### WHAT TO WORK ON
Beginning with the line that holds "Hi, this is" and ending with the last line below, repeat each line exactly, leaving any pictures out.

### DATA BELOW

================================

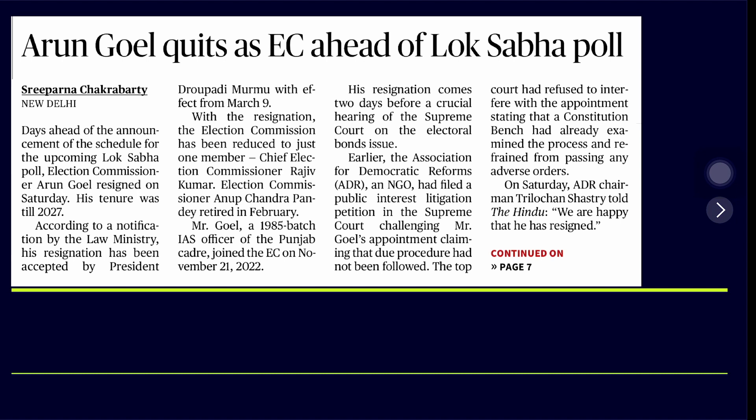Today we would be talking about a few topics which have been appearing in the newspapers. These questions will depend on how you use your content in GS2, GS3, and even GS4. SA building can also happen on these particular points. When we talk about the election commission's appointment procedure and how they handle elections, it can definitely help us in GS2.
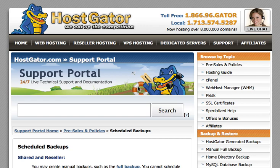Hi, this is Jimmy from Site Auto Backup. I'm going to show you in this video how you can back up your HostGator account automatically every single day or every single week, however often you like.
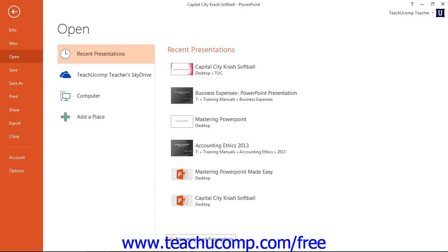In the area to the right of the command panel, select the Recent Presentations command. Then look at the bottom of the pane that appears to the right. You should see a button far at the bottom of the Recent Presentations section. Click this Recovered Unsaved Presentations button to launch an open dialog box that displays recovered copies of unsaved presentations.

================================

### ANSWER SECTION
Hi, this is Jimmy from Site Auto Backup. I'm going to show you in this video how you can back up your HostGator account automatically every single day or every single week, however often you like.
In the area to the right of the command panel, select the Recent Presentations command. Then look at the bottom of the pane that appears to the right. You should see a button far at the bottom of the Recent Presentations section. Click this Recovered Unsaved Presentations button to launch an open dialog box that displays recovered copies of unsaved presentations.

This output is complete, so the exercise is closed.